# Set of four Eng Squares



## JoeLyddon (Apr 22, 2007)

*OOooo… * that is SO Pretty!!!

*SO COOL!*

You're a happy puppy! LOL


----------



## kiefer (Feb 5, 2011)

Very nice and useful gift ,just perfect .
I want a set too and likely order one .
When you make a good box for them post it please, but it better be square !!! LOL


----------



## tierraverde (Dec 1, 2009)

Good grief, in the U.S. we couldn't make the box alone for that price!
Great find.


----------



## kizerpea (Dec 2, 2011)

Those are really good ….careful they will rust easy…mine did ..


----------



## plantek (Sep 26, 2010)

Can't beat a good set of squares…


----------



## lew (Feb 13, 2008)

Thanks for the review, Ken.

I really do need to get some good squares and replace those plastic draftsman triangles.


----------



## LeeJ (Jul 4, 2007)

Now that's a nice set.

Lee


----------



## Dusty56 (Apr 20, 2008)

By any chance , are they made by GROZ ?


----------



## felkadelic (Jun 12, 2011)

Yeah, these look just like my Groz set


----------



## gfadvm (Jan 13, 2011)

They must be popular as they are now backordered


----------



## Ken90712 (Sep 2, 2009)

They do look like Groz, but I'm not sure as it doesnt say that anywhere.

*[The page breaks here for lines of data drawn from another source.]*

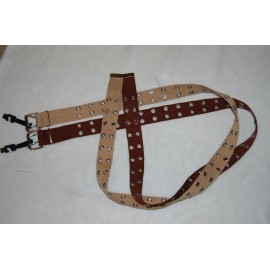 Unbranded WOMENS Mens Belt LOT 1.5" Wide SILVER EYELETS Grommets BROWN BEIGE Canvas XXL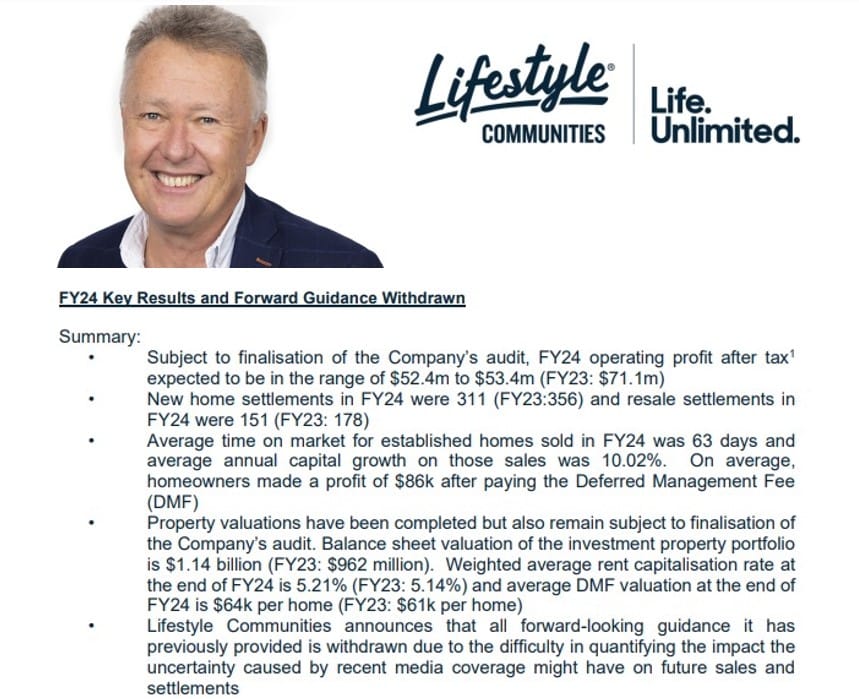 Lifestyle Communities withdraws all forward guidance after ABC 7.30 report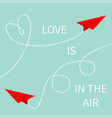 love is in the air two red flying origami paper vector image vector image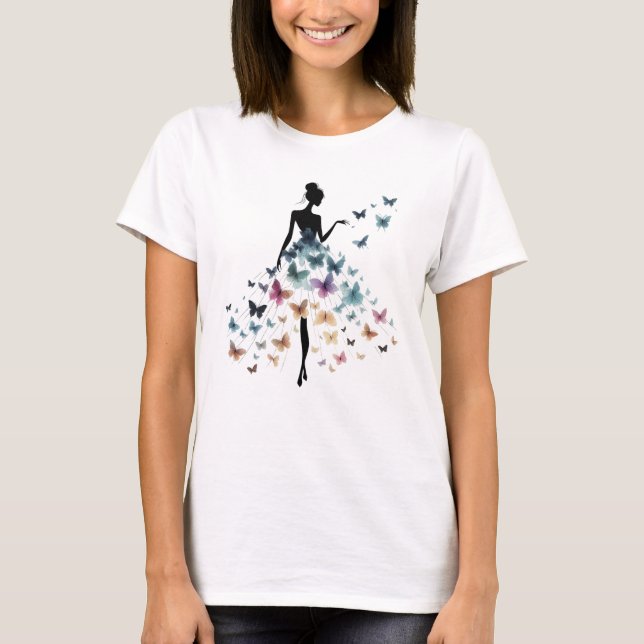 Camiseta Butterfly Dress Silhouette Art (Anverso)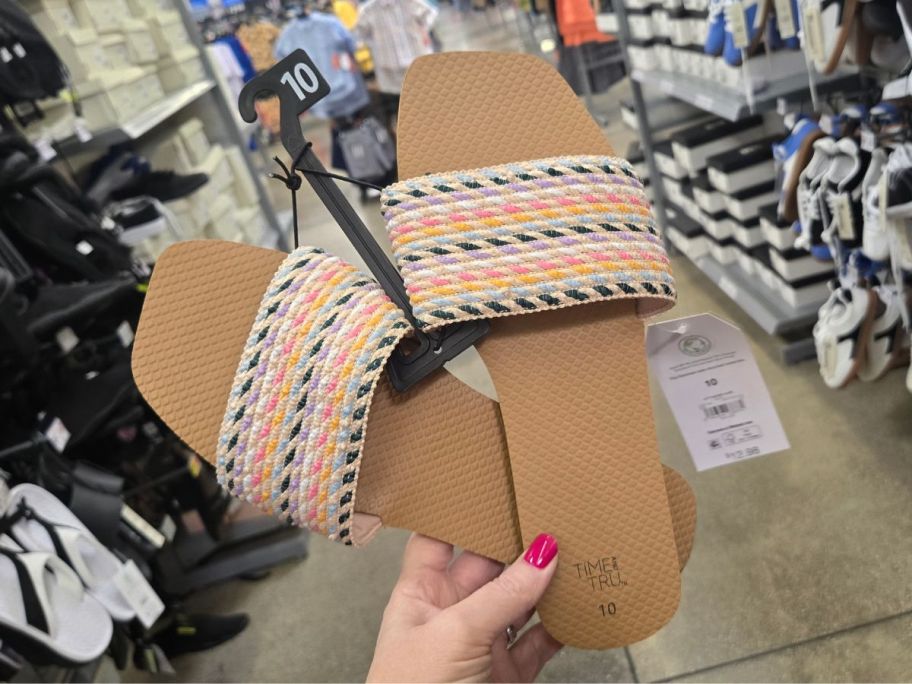 Time and Tru Women's Woven Slide Sandals in hand in store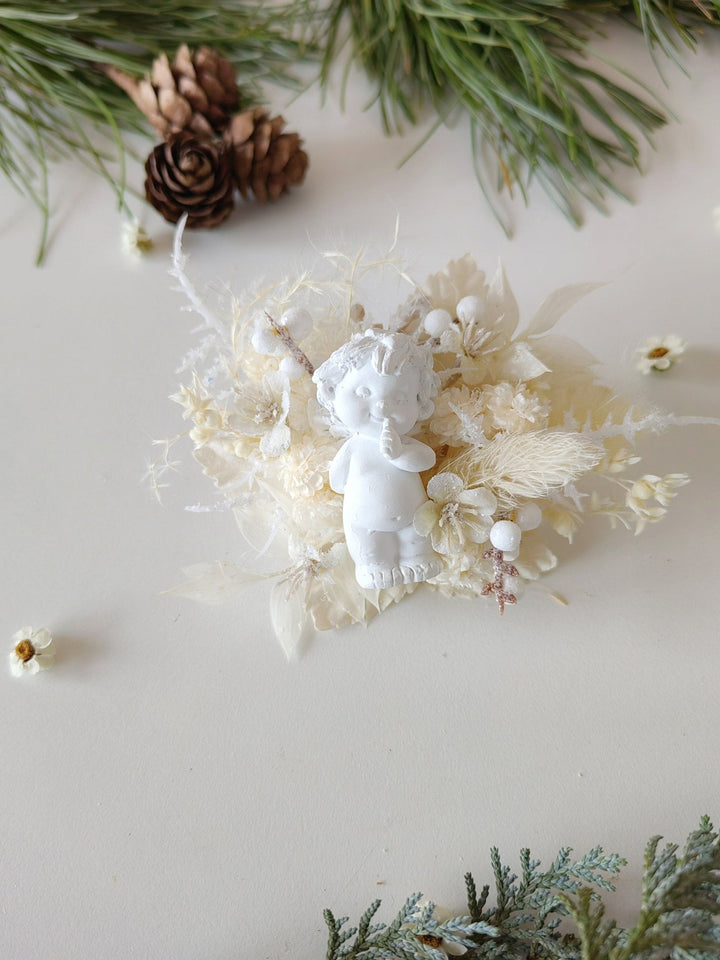 Handmade Angel Brooch: Winter Flower Jewelry – handmade floral hair accessory by magaela
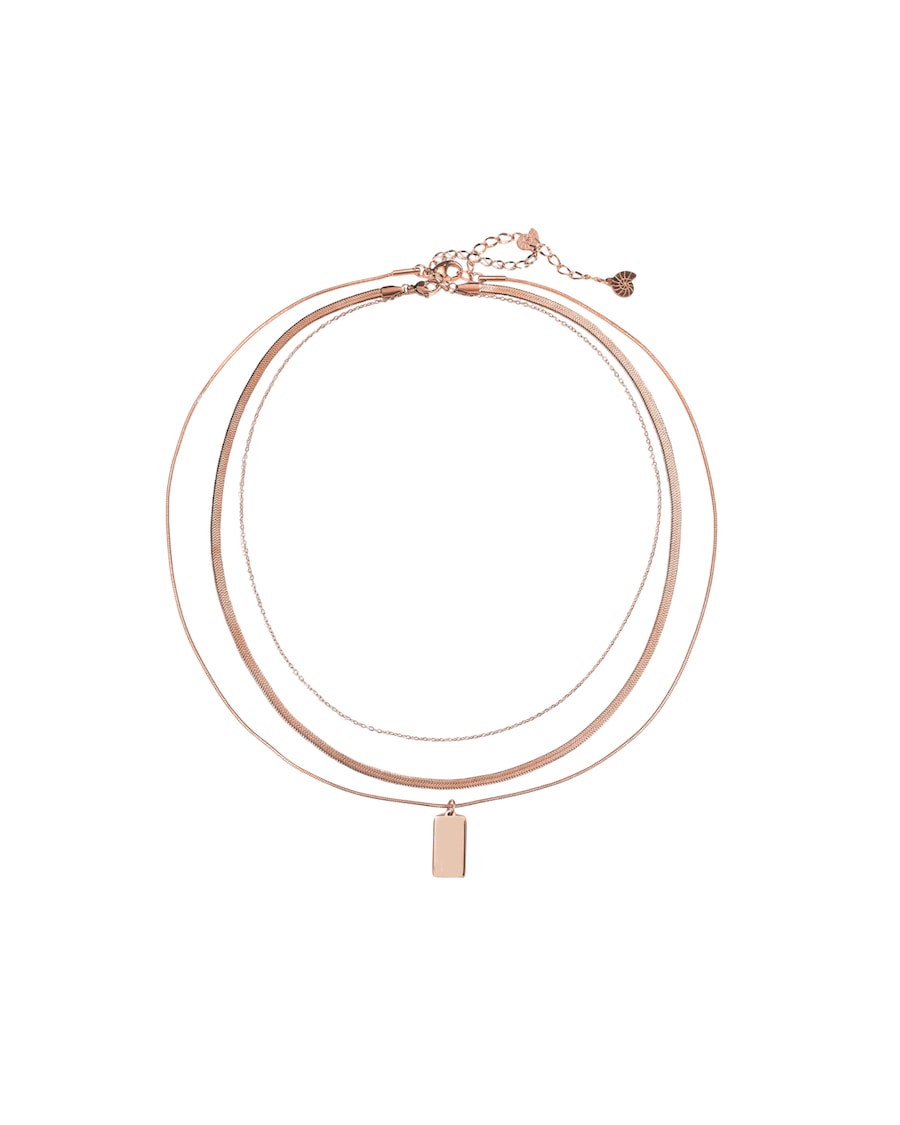 Hey Happiness Ketten-Set 3-reihig Schlagenkette & Rechteck Anhänger - Edelstahl Rosegold Damen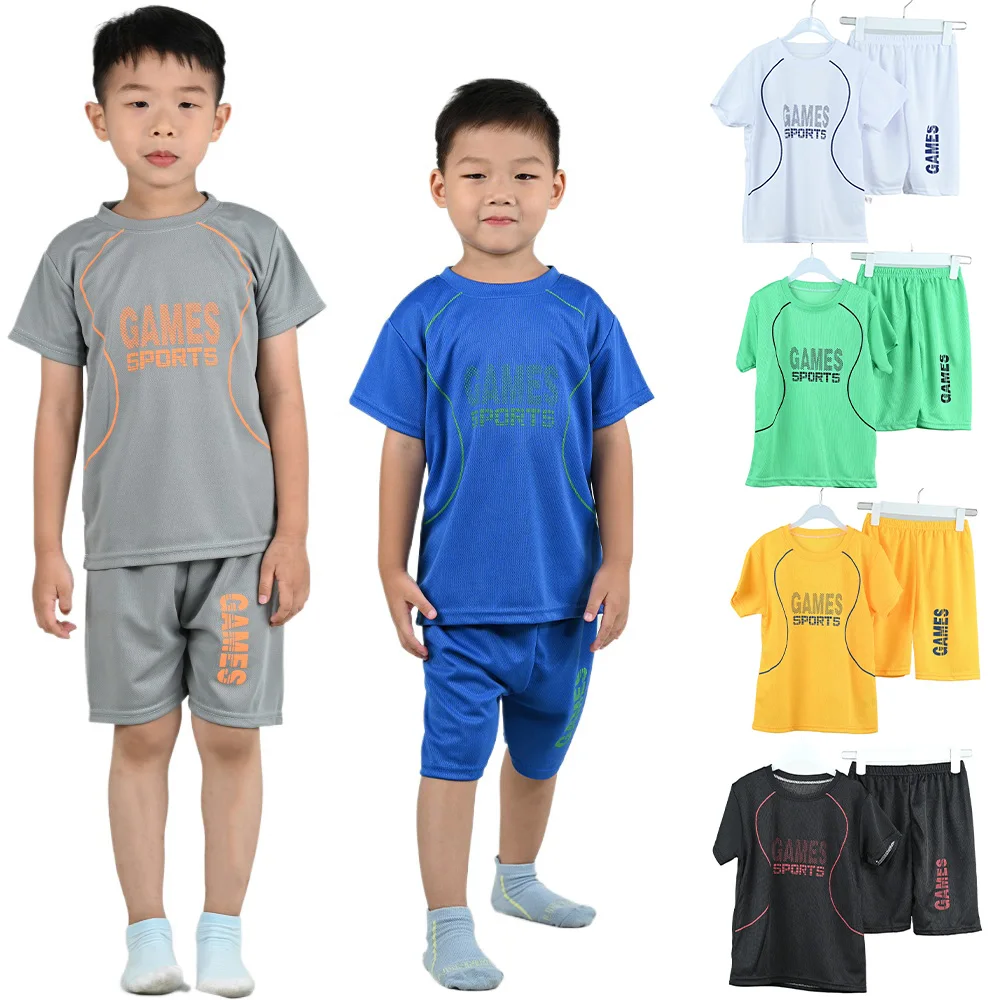 Boys Quick Dry T-Shirt Shorts Set Children Summer Athletic Breathable Running Suit 2-Piece Lightweight Sweat Comfortable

Could be the same factory, who knows this day in age. I do feel there worth the money and very accurate though. Thx for the replys.


----------



## Dark_Lightning (Nov 20, 2009)

Covered/coated with oil, which may ruin a future finish? If they are precise enough, keep 'em, just remove the oil and lacquer/wax them or something. Good score!


----------



## Kentuk55 (Sep 21, 2010)

It's nice to have a set of different sized squares for different sized jobs/projects. Thnx for the review and link


----------



## elingeniero (Aug 16, 2012)

Don't drop them, or you'll need to have them checked and possibly recalibrated.

I bought a set of 4 made by PEC Tools (2, 3, 4 and 6 inches), with a guaranteed precision of 0.0006" over the length of the beam. Came with a certificate of inspection, even. I also have a set of their adjustable parallels that I set up router and drill press fences with (along with a set of calipers).

Pat Warner makes an aluminum try square set up so it will sit on the edge of a board without falling off, guaranteed accurate to within 0.0008" over the length of the beam, and will recalibrate them once for free.


----------



## mafe (Dec 10, 2009)

I like blondie!
Nice set.
Best thoughts,
Mads


----------